Monday, 21 May 2007

This little piggy ate junk food

The Food Section linked today to a highly disturbing article from the Wall Street Journal. Lauren Etter reports that due to rising demand for corn-based ethanol, a biofuel subsidized by the U.S. government, corn prices have risen so much that farmers are seeking other foodstuffs to feed their livestock. The result? Pigs and other animals are increasingly being fed "cookies, licorice, cheese curls, candy bars, french fries, frosted wheat cereal and peanut-butter cups" and other "human" junk food as a main part of their diet. Some farmers even feed piglets a "Cocoa Puffs"-like mixture of chocolate powder and cereal.

Why is this so shocking, when humans eat this stuff every day? I'm not a nutritionist, but it is generally accepted that junk food is not good for you and is only acceptable as part of a balanced diet. According to the WSJ article some farmers are using 100% "byproducts" to feed their livestock. I accept that this may be a passable way to put flesh on the bones of these animals in terms of food safety (without considering animal welfare), but I don't eat cheesies and trail mix all the time and I don't want to eat an animal that has, either.

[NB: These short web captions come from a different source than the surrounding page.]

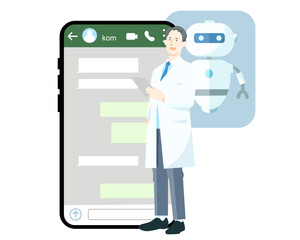 ネットでカウンセリングする医師ー全身ー医療相談ーオンラインドクターシンプルベクターイラスト素材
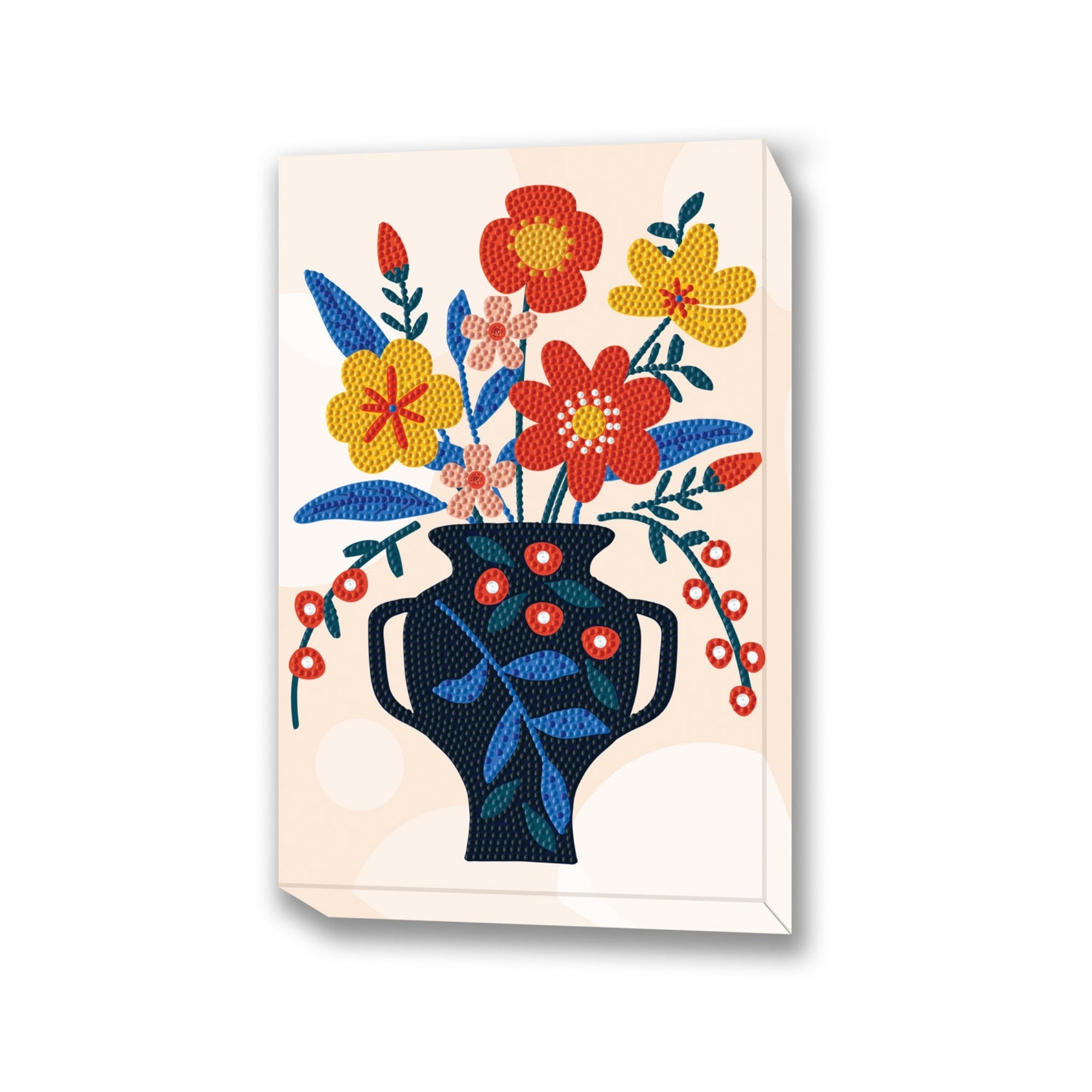 A vibrant Diamond Dotz Large Dotz Decor features red, yellow, and orange flowers with green leaves in a dark blue vase on a light beige background with delicate circular patterns.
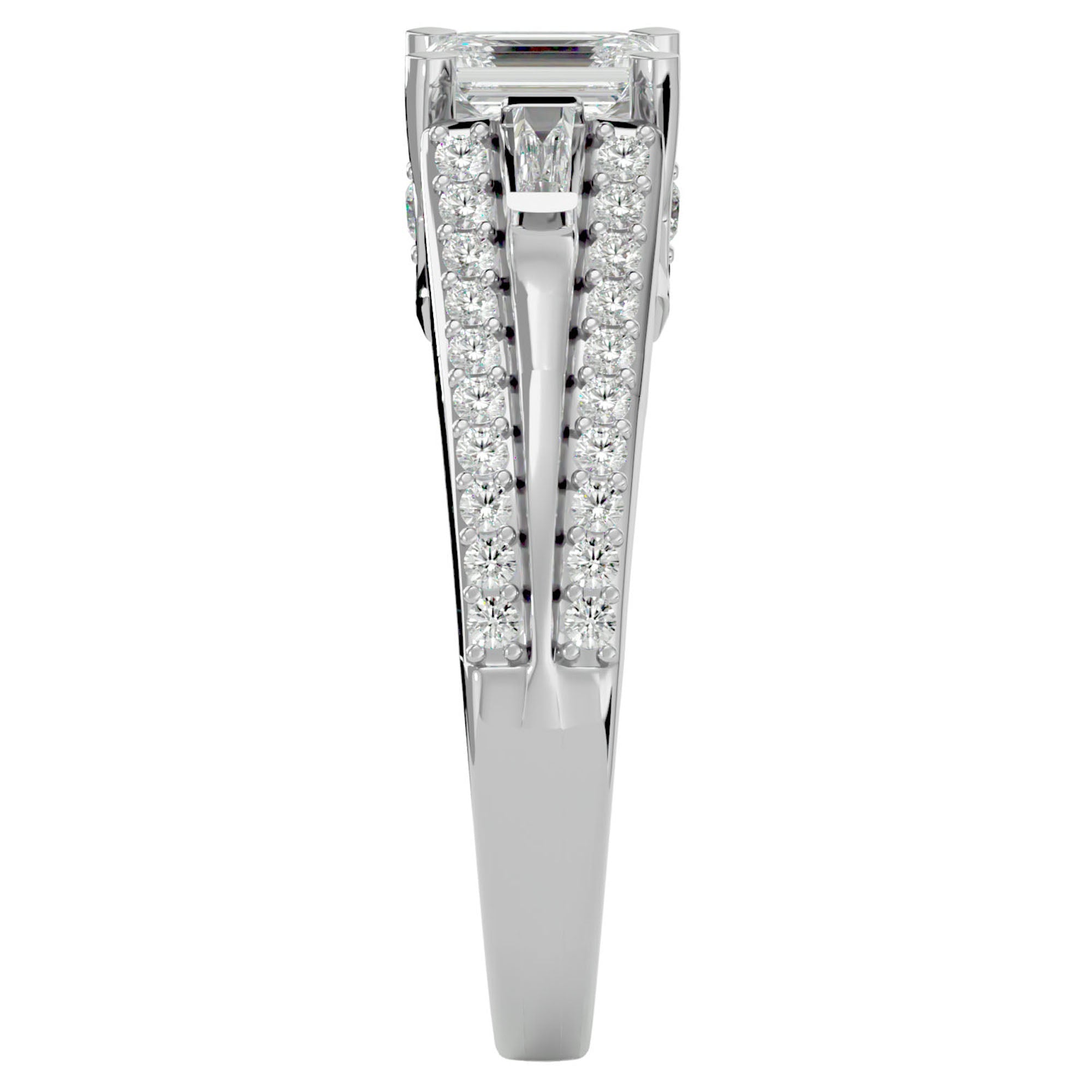 Inel De Logodnă Goutte de Rosée cu Diamante Create în Laborator Pavé de 1.05 ct din Platina - Castelo.ro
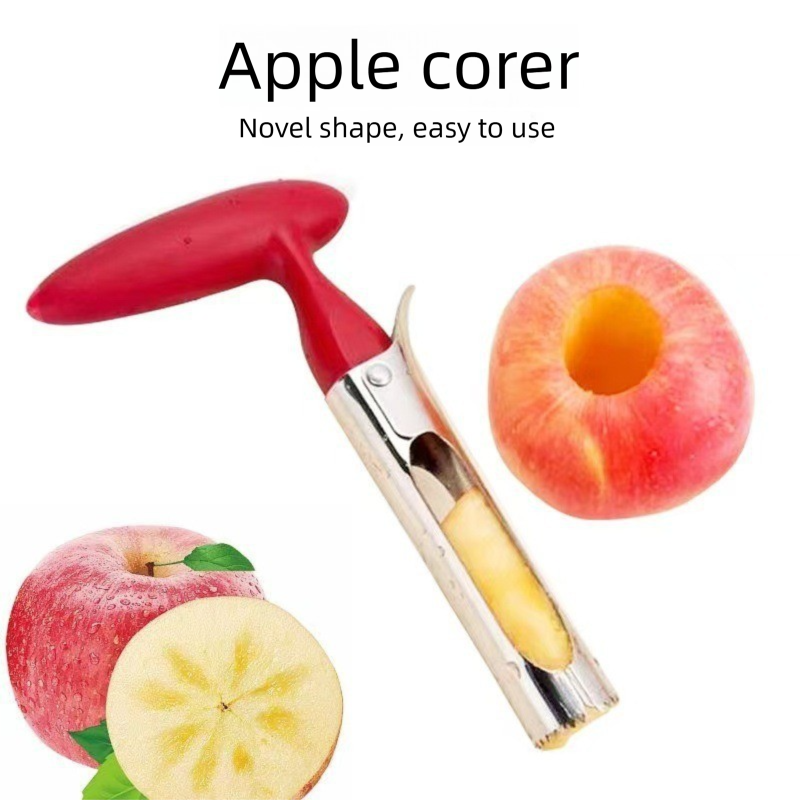 Green Set of 2 Stainless Steel Apple Corers – Heavy-Duty Fruit Core Remover Tool with Comfort Grip, Easy to Use & Clean, for Apples, Pears, and Similar Fruits - Image 2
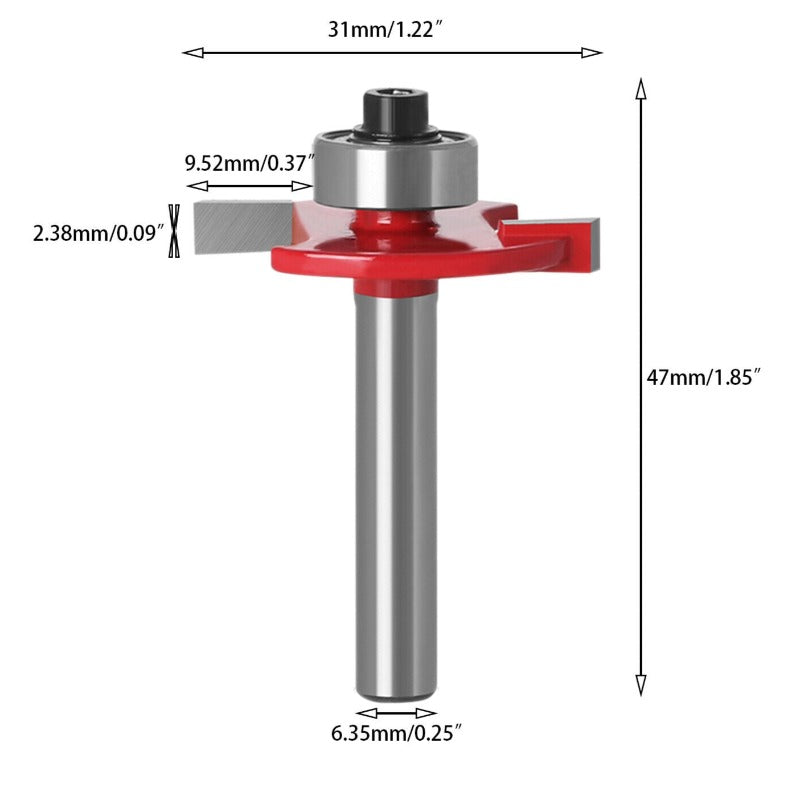 Knock on trim router bit slot cutter 1/4 inch router bit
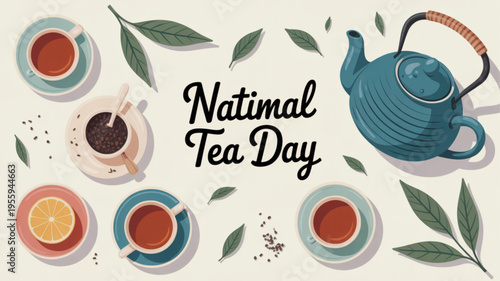 National tea day celebration with teapot and cups of tea on a beige background with leaves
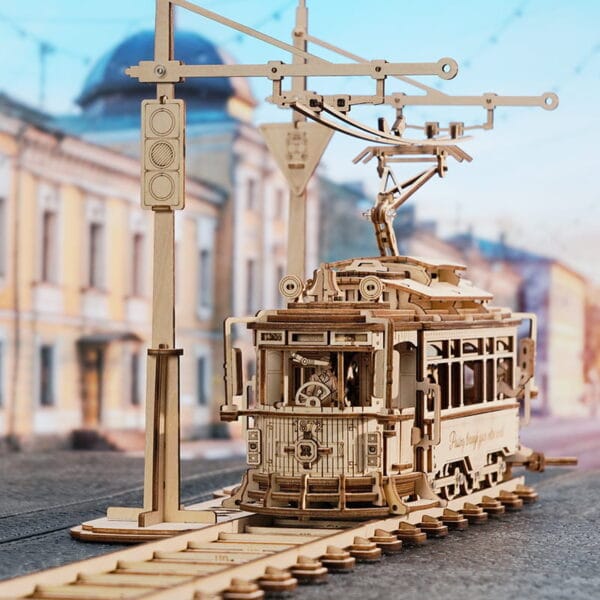 Drewniany model do składania puzzle 3D ROKR Classic City Tram 5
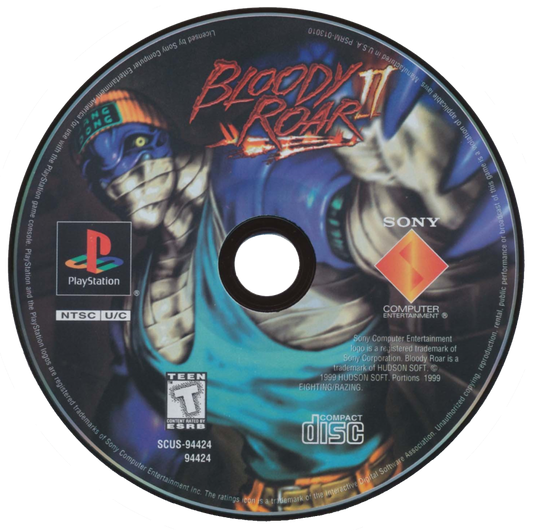 Bloody Roar 2 Sony PlayStation PS1 video game featuring 3D fighting gameplay beast transformation combat animal characters special attacks combo battles arcade action competitive matches and classic 32 bit PlayStation gameplay retro video game collection collectible gaming appeal disc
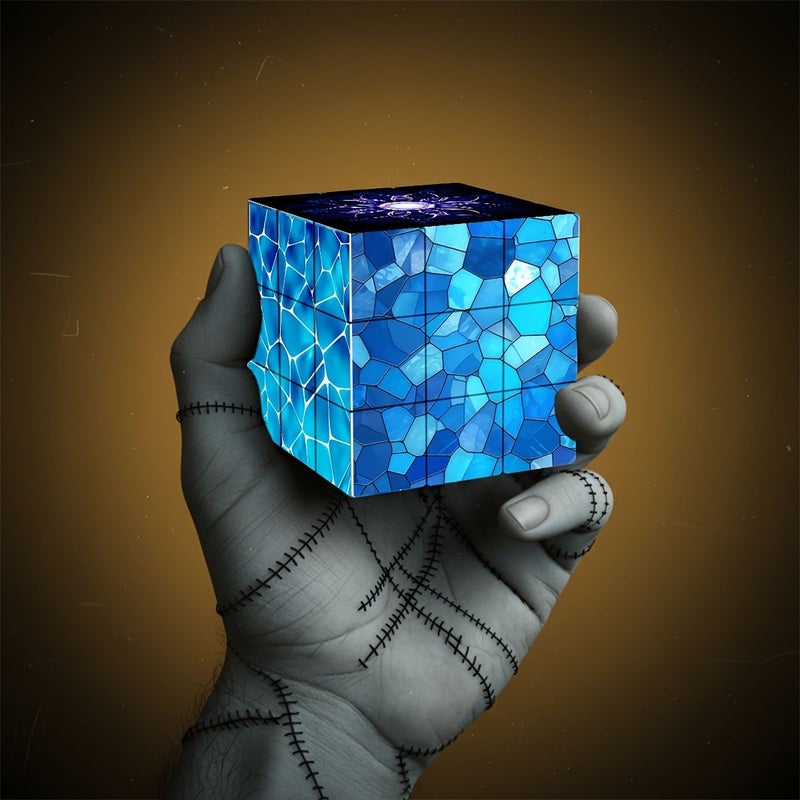 1pc 2 76 2 76 2 76inch 3x3 Speed Cube Puzzle Magic Cube Stress Toy Floral Mandala Blue Mosaic Swirl Pattern Radiant Starburst Geometric Spiral Style Gift For Grandma - Image 3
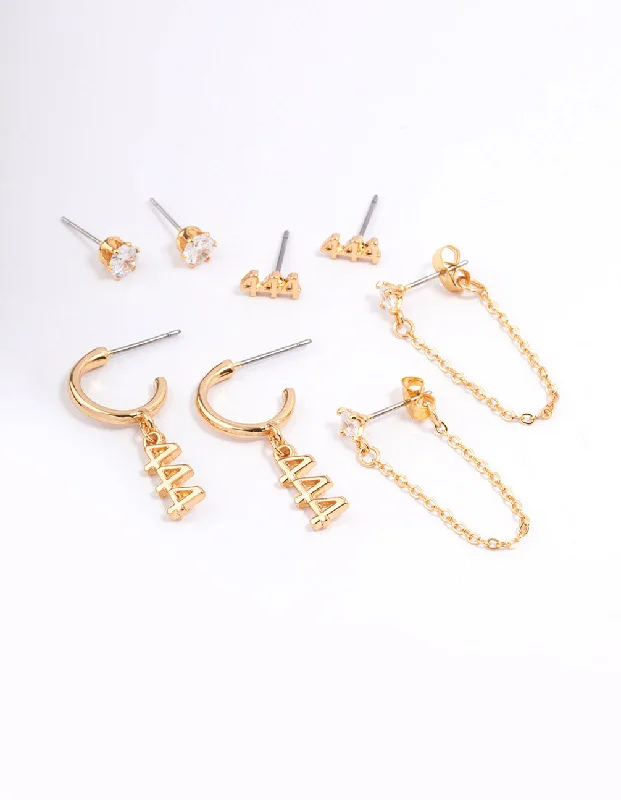 Curved design earrings-Gold Plated 444 Angel Number Earring Pack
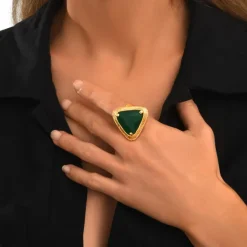 Wide adjustable triangular ring by Byzantium – green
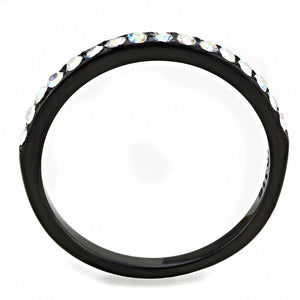 TK3556 - IP Black(Ion Plating) Stainless Steel Ring with Top Grade Crystal  in Aurora Borealis (Rainbow Effect)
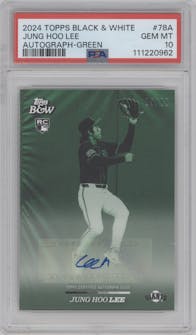 Jung Hoo Lee from the 2024 Topps Black & White set featuring a Green parallel graded by PSA and given an overall grade of 10.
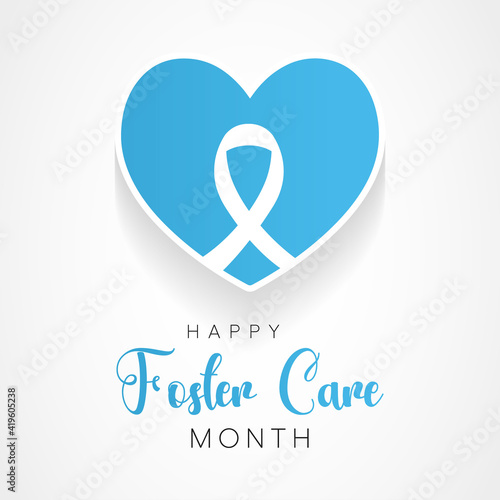 National Foster Care Month is observed each year in May, a time to recognize that we can each play a part in enhancing the lives of children and youth in foster care. vector illustration.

Lauren Etter also commented that "Thanks to the ethanol rush, the price of a bushel of corn for months has hovered around $4 -- nearly double the price of a few years ago. That has prompted livestock groups like the National Cattlemen's Beef Association and the National Chicken Council to call for an end to federal ethanol subsidies, including a 51-cent-per-gallon tax credit offered to companies that blend gasoline with ethanol. For now, livestock must pay up or make do with alternatives."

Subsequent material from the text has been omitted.